En alguna de esas díscolas presentaciones que tiene Dina, usualmente, ante auditorios infantiles donde canta, pero no encanta, señaló, dirigiéndose a las encuestadoras, cuando estas publicaron los resultados en las que recibía un raquítico 3% de aprobación: “Estamos empates”. Nadie entendió qué diantres quiso decir con eso.
Hoy, el gobierno de Dina, (el mismo de Castillo y Cerrón, pese a que este último ahora quiera desmarcarse, dado que el TC le ha abierto la puerta para que pueda postular a la presidencia), ante el desborde de violencia, sale con un nuevo empate: intervenir los medios de prensa para que el Gobierno pueda hacer propaganda diaria.
Dina cree que verbalizando cosas u ordenando disparates, el país se va a alinear raudamente y por arte de magia todo se corrige.
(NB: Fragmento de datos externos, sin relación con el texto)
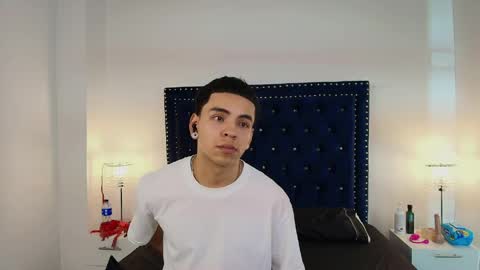 Jaden and Sofia  online show from 05/03/26, 03:23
Recordemos nomás cómo Dina en sus dos megadiscursos a la Nación hizo un recuento inagotable de los supuestos logros de su gestión y de las supuestas megaobras que iban a ejecutarse (¿se acuerdan de la Petroquímica?) y que, por supuesto, a hoy, son inexistentes.
Mientras eso pasa los puentes se caen y el Gobierno prefiere alargar la entrada del nuevo terminal aeroportuario en vez de reparar lo que ya está roto, por romperse o apurar lo que ni hizo en años; las inversiones siguen estancadas, pero la minería ilegal sigue avanzando; o, nos entretenemos con frivolidades (operaciones estéticas o los Rolex), cuando nuestros niños comen carne malograda.
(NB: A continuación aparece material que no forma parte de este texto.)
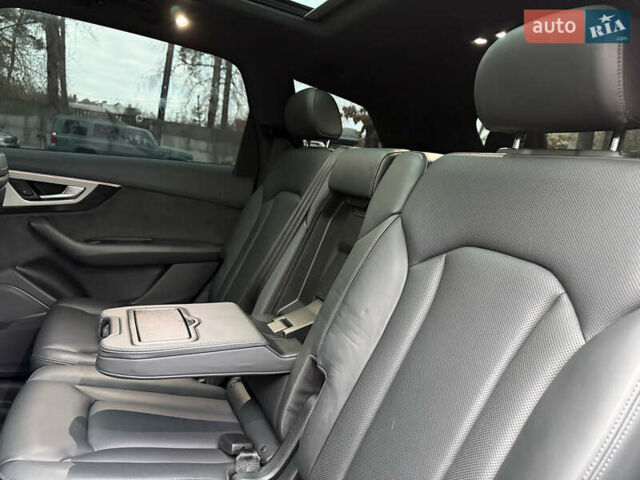 Чорний Ауді Ку 7, об'ємом двигуна 3 л та пробігом 137 тис. км за 36700 $, фото 108 на Automoto.ua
No, Dina, no estamos empatados, estamos perdiendo por goleada. Queda poco de este gobierno y la única manera de revertir esto es jugando, no escondiéndonos o buscando que la cámara solo muestre a nuestro equipo y no al que nos vapulea.
Refuerce a su premier y al ministro de Economía, calle a sus “piquichones” y waykis (sobran); y a los que calientan banca pese a ser titulares exíjales que corran, defiendan y ataquen.
Sus problemas serán vistos cuando ya no esté en el poder; hasta entonces, gobierne para la gente.